Clear cell RCC has previously been shown to exhibit a high degree of mutational heterogeneity and patterns of branched and convergent clonal evolution1,2. There is evidence that functional and genomic intratumoral heterogeneity in RCC is shaped by spatial niches12,13. To what extent these findings apply to RCC with VTT is currently not known in detail14.
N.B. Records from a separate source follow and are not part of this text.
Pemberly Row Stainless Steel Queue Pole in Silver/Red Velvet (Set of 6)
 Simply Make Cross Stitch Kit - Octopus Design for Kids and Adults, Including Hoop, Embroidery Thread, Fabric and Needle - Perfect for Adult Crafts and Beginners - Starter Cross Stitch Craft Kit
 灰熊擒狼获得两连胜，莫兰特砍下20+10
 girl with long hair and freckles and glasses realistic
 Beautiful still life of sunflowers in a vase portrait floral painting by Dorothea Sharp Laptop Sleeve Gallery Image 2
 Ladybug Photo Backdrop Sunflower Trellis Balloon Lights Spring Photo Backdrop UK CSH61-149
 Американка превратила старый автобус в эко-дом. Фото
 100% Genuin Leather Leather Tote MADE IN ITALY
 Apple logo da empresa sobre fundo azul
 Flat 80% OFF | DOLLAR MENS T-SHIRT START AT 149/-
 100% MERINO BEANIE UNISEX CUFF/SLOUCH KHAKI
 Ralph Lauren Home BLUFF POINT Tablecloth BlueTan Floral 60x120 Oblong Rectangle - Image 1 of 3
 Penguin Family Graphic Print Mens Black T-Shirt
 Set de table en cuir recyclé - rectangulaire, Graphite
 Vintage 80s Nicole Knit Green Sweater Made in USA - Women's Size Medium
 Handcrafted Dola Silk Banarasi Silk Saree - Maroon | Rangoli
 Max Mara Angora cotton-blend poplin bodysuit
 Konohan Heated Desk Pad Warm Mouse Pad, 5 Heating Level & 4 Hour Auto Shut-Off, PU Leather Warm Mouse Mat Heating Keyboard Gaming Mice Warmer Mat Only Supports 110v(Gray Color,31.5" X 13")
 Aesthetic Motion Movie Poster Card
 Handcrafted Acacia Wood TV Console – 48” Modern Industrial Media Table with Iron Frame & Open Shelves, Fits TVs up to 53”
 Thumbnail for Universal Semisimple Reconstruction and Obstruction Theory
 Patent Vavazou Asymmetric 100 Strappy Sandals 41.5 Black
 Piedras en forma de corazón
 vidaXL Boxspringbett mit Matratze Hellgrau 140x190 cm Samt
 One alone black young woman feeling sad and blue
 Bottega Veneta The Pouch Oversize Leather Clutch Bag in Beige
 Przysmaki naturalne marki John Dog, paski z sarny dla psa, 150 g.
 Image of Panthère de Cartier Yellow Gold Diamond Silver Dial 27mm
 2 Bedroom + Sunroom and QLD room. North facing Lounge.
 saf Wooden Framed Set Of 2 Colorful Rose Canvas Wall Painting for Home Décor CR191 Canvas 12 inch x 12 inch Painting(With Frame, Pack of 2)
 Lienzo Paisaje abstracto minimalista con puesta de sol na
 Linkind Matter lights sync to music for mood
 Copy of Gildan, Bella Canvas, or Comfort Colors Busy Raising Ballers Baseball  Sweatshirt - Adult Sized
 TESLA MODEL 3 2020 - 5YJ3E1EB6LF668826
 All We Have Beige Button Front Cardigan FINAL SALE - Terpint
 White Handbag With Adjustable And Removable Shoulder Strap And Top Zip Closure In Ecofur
Herein, we used multiregion whole exome sequencing of RCCs with VTT to characterize the mutational landscape of these tumors. We found heterogeneous mutations between primary tumor and VTT, however, our results suggest that pre-existing subclones of the primary tumor drive VTT formation. Importantly, we provide evidence for homologous recombination defects (“BRCAness”) in a subset of RCCs with VTT, which holds the promise for novel personalized therapeutic interventions in patients with this condition including PARP inhibitors, platinum salts or others15.

Methods

Patients

A total of five consecutive patients with RCC and venous tumor thrombus were prospectively included after written informed consent and under Ethics committee vote 207/2005 of the University of Heidelberg School of Medicine. All patients showed a clear cell histomorphology except patient RCC-VTT-04 with a papillary type II RCC.

Whole exome sequencing

DNA extraction and whole exome sequencing were performed by GATC Biotech (Konstanz, Germany) on an Illumina platform (InView™ Human Exome). Fastq files were aligned against the human reference genome (build 37, version hs37d5), using bwa mem (version 0.7.8 with minimum base quality threshold set to zero [−T 0] and remaining settings left at default values), followed by coordinate-sorting with bamsort (with compression option set to fast (1)) and marking duplicate read pairs with bammarkduplicates (with compression option set to best (9)) (both part of the biobambam package version 0.0.148).

The generated bam files were used to identify high-confidence somatic SNVs by applying an in-house analysis pipeline based on samtools16 and bcftools (both version 0.1.19) as described earlier17,18. Briefly, samtools version 0.1.1916 was used for calling all candidate variants (positions where the tumor sample differs from the reference sequence). The filter, which usually makes samtools a germline caller, was switched off. Candidate variants were postfiltered by custom filters optimized for somatic variant calling. The discrimination between somatic and germline variants was performed by looking up the variant position in the matched normal sample.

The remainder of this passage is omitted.